A measurement is an act of ascertaining the extent, dimensions or quantity of something especially by comparison with a standard. Using various methods and instruments, scientists attempt to reduce uncertainty in measurements.
Level of Measurement
Level of measurement determines the types of statistical analysis that can be applied to a variable’s data. Each level of measurement builds on the one preceding it, adding more precision and mathematical possibilities. Understanding these levels of measurement is important for ensuring accurate data collection, interpretation and reporting.
At the lowest level, a nominal scale categorizes data into mutually exclusive groups without any sort of order or numerical value (e.g., gender, eye color). In contrast, an interval scale allows for a ranking of data within groups and between groups with consistent and meaningful differences but no true zero point (e.g., temperature in Celsius and Fahrenheit). Finally, ratio-level measures allow for a true zero point, meaningful and consistent differences between categories, and the ability to add, subtract, multiply and divide data points. For example, age falls under the ratio-level category of measurement. It’s important to understand how these levels of measurement work so you can collect and analyze the most valuable data possible.
Measurement Procedures
A measurement procedure is the set of tools and techniques for collecting and analyzing data. The decision about which tool to use is referred to as instrumentation and is an important part of the process of operationalization.
There are many different measurement procedures. Some are designed to capture continuous data, such as a latency recorder that provides information about a specific temporal dimension and can be converted to a rate measure. Other measures capture only samples of behavior, such as a number of occurrences or the frequency with which a particular behavior occurs.

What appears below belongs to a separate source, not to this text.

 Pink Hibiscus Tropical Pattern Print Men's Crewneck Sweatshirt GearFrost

Most commonly, however, measurement procedures are norm or criterion referenced. Norm-referenced measures are designed by experts for wide use and have prescribed content, specified directions for administration and scoring, and established norms to compare scores. Criterion-referenced measures are based on a comparison with a set of standards, such as the International System of Units, which defines seven fundamental units. Both types of measurement procedures can be used to evaluate behavioral research and practice, but they require different approaches to establishing reliability and validity.
Measurement Errors
The measurement of an object’s physical characteristics can be subject to many types of errors. These errors can be either random or systematic. Systematic errors skew the measurements away from the truth in one direction, while random error affects the measurement results in unpredictable ways.
Examples of random errors include parallax (the distance between the pointer or indicator on a scale and the mark or scale reading), zero offsets in mechanical devices such as a micrometre calliper, and instrument drift over time. Examples of systematic errors include incorrect initial calibration, lack of attention to proper technique when performing a measurement, and bias in expectations.

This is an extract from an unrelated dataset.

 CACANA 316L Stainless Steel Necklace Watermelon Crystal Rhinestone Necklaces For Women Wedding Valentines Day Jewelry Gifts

To improve the accuracy of measurements, it is important to understand the causes of error. Different measurement properties, such as reliability and measurement error, can be investigated using a variety of experimental designs. These designs are influenced by choices about which potential sources of variation are varied or kept stable over repeated measurements in stable patients, and about whether the entire instrument or measurement procedure is replicated.
Measurement Variability
Variability affects the accuracy of measurements. Ideally, you want your data points to be tightly clustered around the mean. But, in reality, the spread of scores is affected by factors like read-out precision of measuring instruments, human error, and natural fluctuations in the environment in which the measurement takes place.

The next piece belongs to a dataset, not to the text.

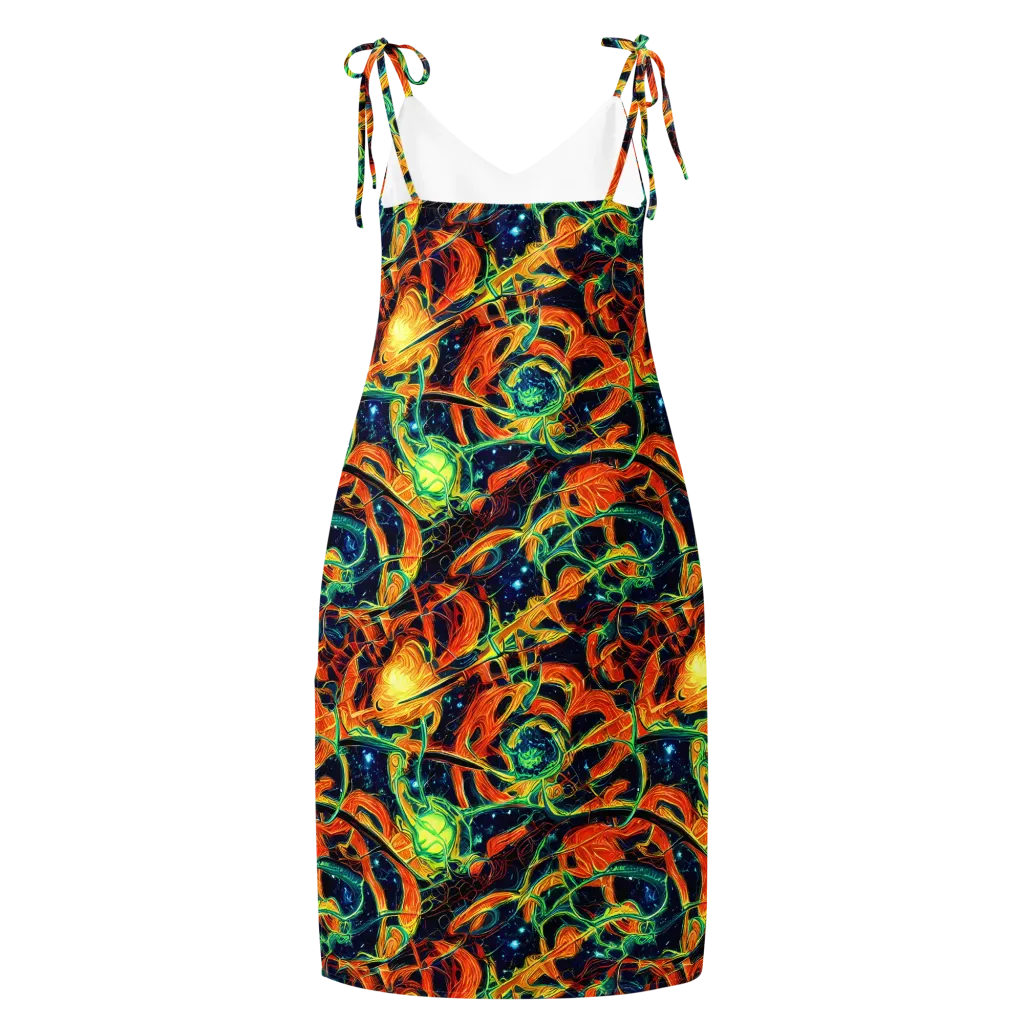 Neon Ember Garden on Slip Dress — Back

Measures of variability, such as range and standard deviation, provide insights into how far away your data points are from the mean. They also offer insight into whether you’re dealing with a normal or skewed distribution.
The most common measure of variability is the range, which simply subtracts the lowest and highest score in a dataset. Range is a crude measure of variability because it depends on two extreme values and ignores the rest of the data, but it works well for many purposes. For a more robust measure that works for skewed distributions, try the interquartile range (IQR). This is similar to the median but is more accurate because it doesn’t depend on any individual data point.